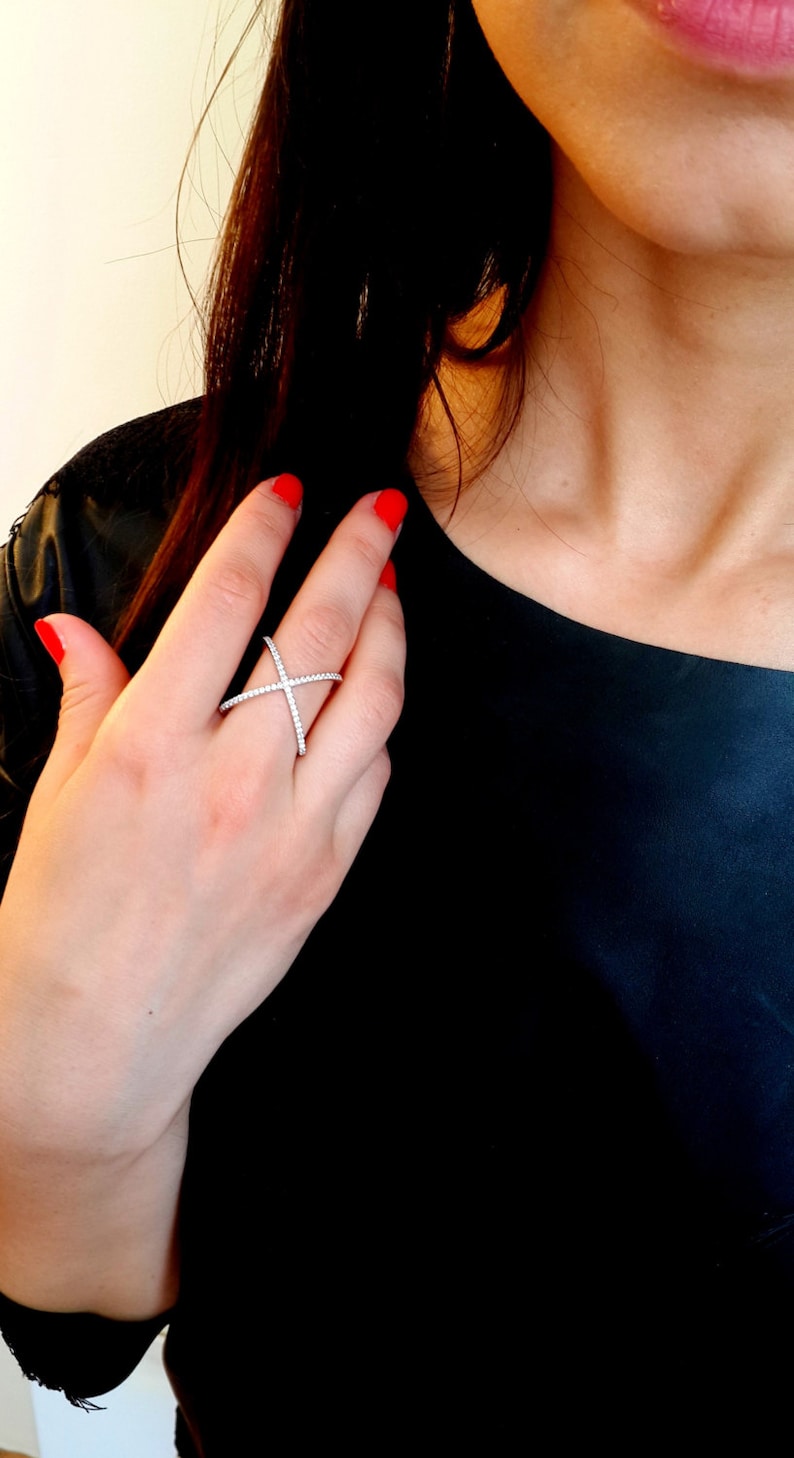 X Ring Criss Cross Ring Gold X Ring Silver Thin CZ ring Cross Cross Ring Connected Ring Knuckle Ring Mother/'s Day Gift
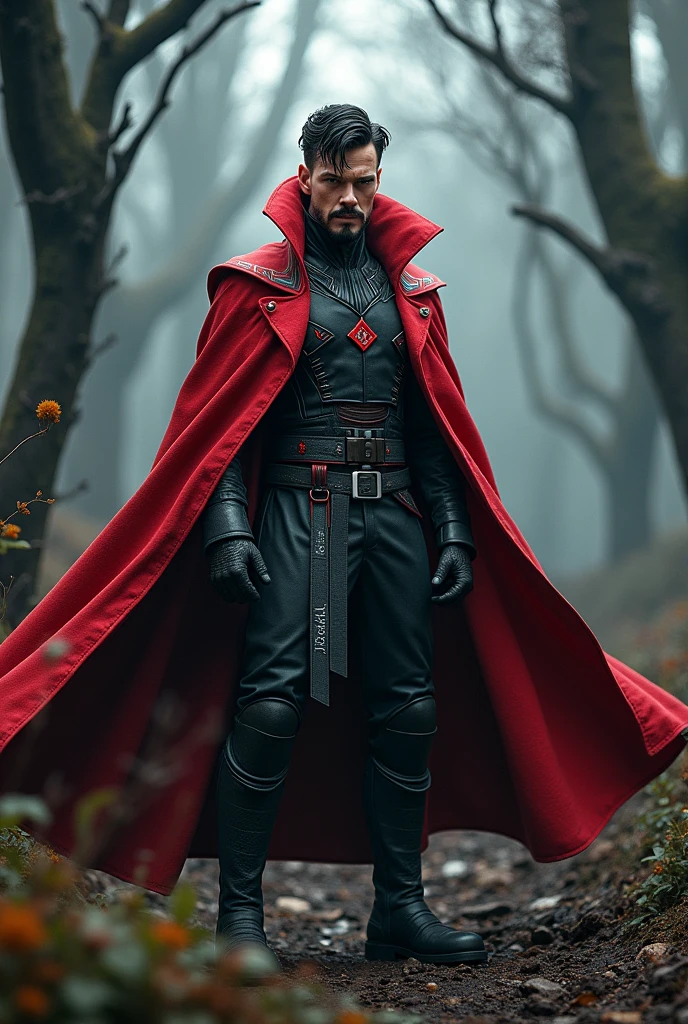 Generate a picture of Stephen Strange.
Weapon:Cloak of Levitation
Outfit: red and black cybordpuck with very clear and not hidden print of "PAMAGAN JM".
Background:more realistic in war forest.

REQUIRED ACTION => Exactly as written, please give again the lines from the beginning of the listing through the line containing "Outfit: red and", inclusive, without any pictures.

SOLUTION TO THIS PROBLEM =>
 X Ring Criss Cross Ring Gold X Ring Silver Thin CZ ring Cross Cross Ring Connected Ring Knuckle Ring Mother/'s Day Gift
 Generate a picture of Stephen Strange.
Weapon:Cloak of Levitation
Outfit: red and black cybordpuck with very clear and not hidden print of "PAMAGAN JM".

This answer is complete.